Puericultura 2018

No es lo mismo ofrecer productos de puericultura que ofrecer cultura de “pueri”  

El mayor reto con el que se enfrenta el comercio especializado de puericultura es reinventarse a sí mismo.

Hay cosas que nos gusten o no, han venido para quedarse, los VTC o lo que lo sustituya: (los nuevos conceptos de taxis), los coches eléctricos en alquiler por horas en ciudades: (nuevo concepto de movilidad), la compra por internet: (comprar a la carta desde un móvil), la economía circular: (reutilización o segunda mano o cómo se le quiera llamar), los comparadores de precios: (buscan comparan y si encuentran algo mejor…van y lo cascan), las valoraciones de los clientes a los negocios (te ponen nota y la publican), la sobre información en internet (todos saben de todo y vienen micro-especializados), los sueldos ajustados (el trabajo es un bien escaso y fácilmente robotizable), los contratos por obra y servicio (solo la fuerza de trabajo que se necesita en cada momento), la maternidad controlada (hijos a la carta y pocos)… y como decía Darwin todo el que no se adapta a los cambios desaparece…

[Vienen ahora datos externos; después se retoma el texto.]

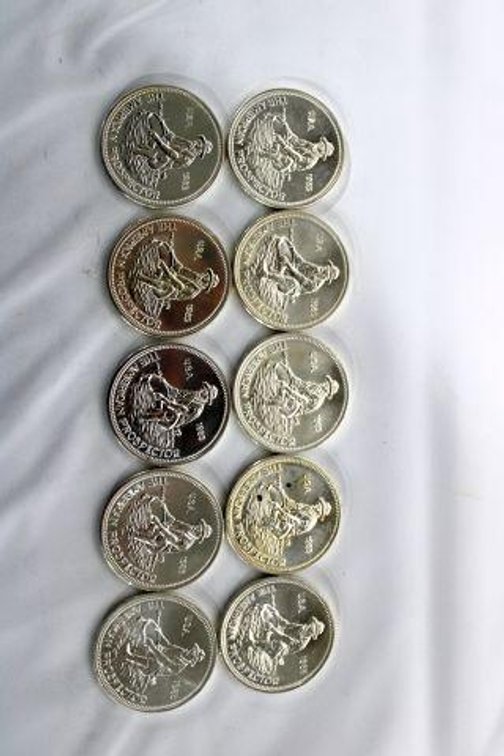 THE AMERICAN PROSPECTOR SILVER COINS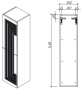 Пенал Caprigo Modo Quarta 35750L-SF023 / 35750R-SF023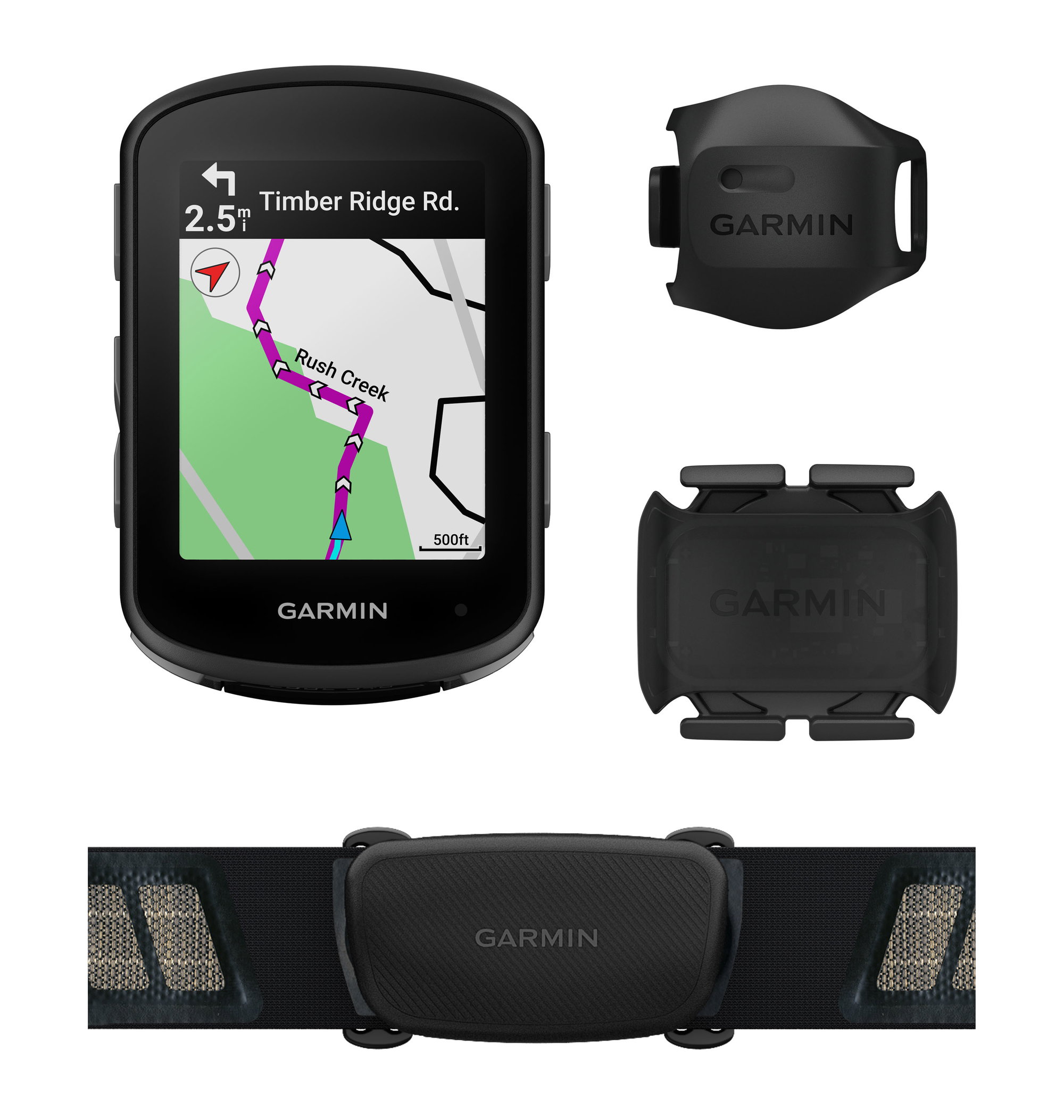 Garmin Edge 540 - pachet cu senzori - ciclocomputer avansat cu GPS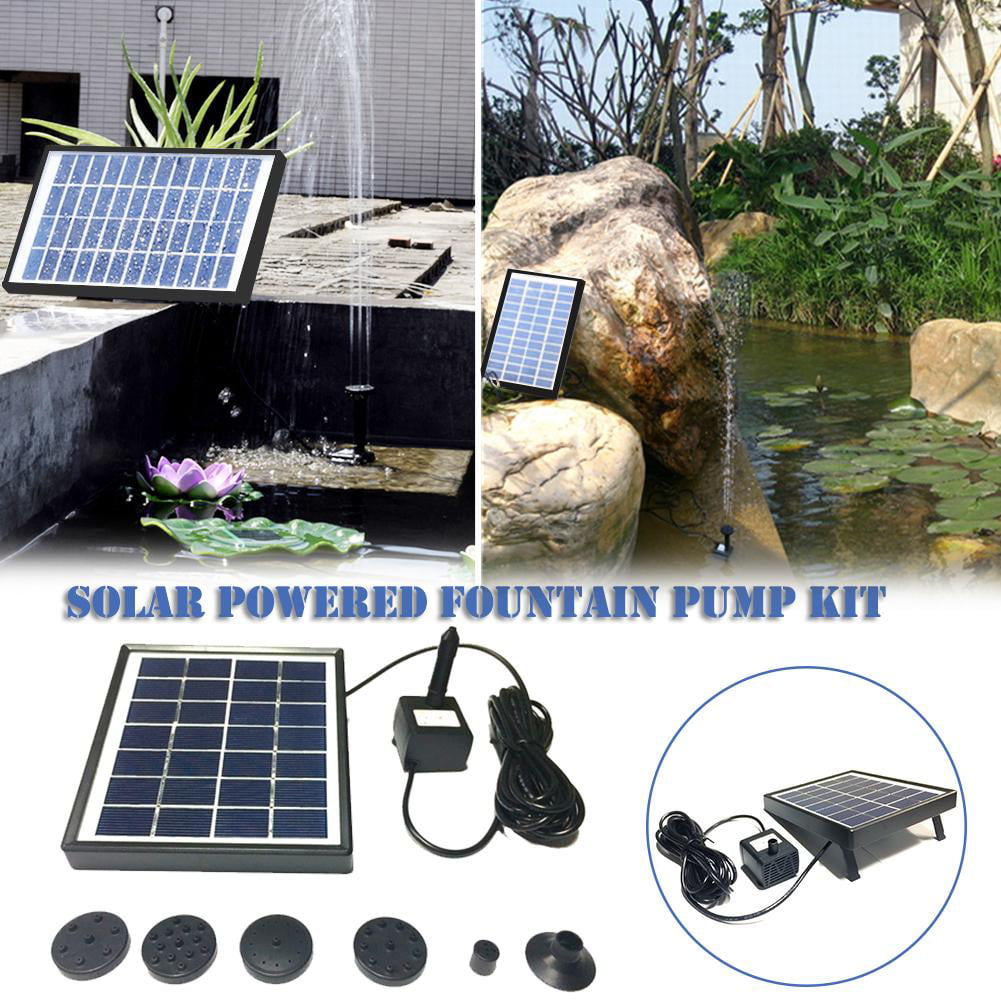 0.8 Watt Solar Power Fountain Pool Water Pump Panel Garden Plants Watering 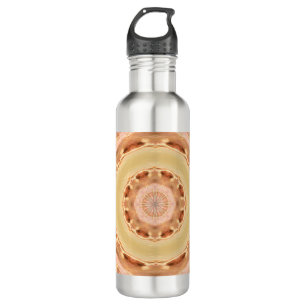 Peach Rosette Water Bottle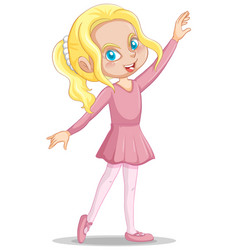 Ballet Girl Cartoon Character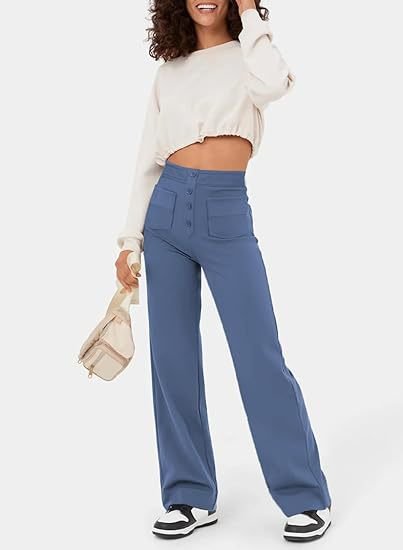 Aurora - High-waisted Elastic Trousers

Ante los cambios se pueden tomar cuatro decisiones:

  1. Anticiparse a ellos:

Anticiparse a los cambios es lo mejor, pero para ello hay que estar muy pendiente de las nuevas corrientes (tendencias de consumo), de los cambios de modelos de paradigmas (valores de decisión), de la potencialidad de los canales de distribución (formatos disruptivos), de los grandes retos (armonización global) …

Se podría pensar que ser un visionario es complicado (realmente no hace falta ser visionario con ver la prensa, leer revistas especializadas, tener nociones de gestión, escuchar los programas de radio especializados y asistir a formaciones se ve claramente lo que toca en un futuro próximo sin correr mucho).

Anticiparse tiene como gran ventaja que se hace sin prisas, no supone un cambio brusco, es como lo que hacen los bancos que en muy poco tiempo no necesitarán apenas sucursales para seguir operando pero lo hacen sin ruido (un cajero automático por aquí, una aplicación on line por allá, una máquina para poner cartillas al día y hacer ingresos, transferencias, pagos de recibos…, una app para el móvil que te permite hacer todo por acá… … y en cinco años la oficina bancaria será un concepto residual, así como antes ponerse junto a una oficina de banco era asegurar tráfico de calle de posibles clientes, ahora no es ninguna garantía salvo que tu cliente sea mayor, pero para eso mejor junto a una farmacia que junto a un banco, van a pasar muchos más por la farmacia que por el banco.

Anticiparse a los cambios en el comercio tradicional de puericultura no implica cerrar locales como los bancos que además no nos olvidemos que no cierran su negocio, se reinventan como canal aprovechando todos los medios disponibles.

Para anticiparse y estar seguro de que somos y seremos un referente en puericultura y además rentables, hay que analizar los cambios que se van a producir en los próximos años y que ya se perciben con claridad: disfrutar sin esperar – optimizar versus consumir – ser más que tener – compartir en lugar de poseer…   y así suma y sigue hasta los 17 cambios sumamente profundos que se están terminando de gestar en el nuevo modelo de sociedad al que nos encaminamos y que están directamente relacionados con los hábitos y formas de entender la paternidad y la maternidad y el consumo en puericultura.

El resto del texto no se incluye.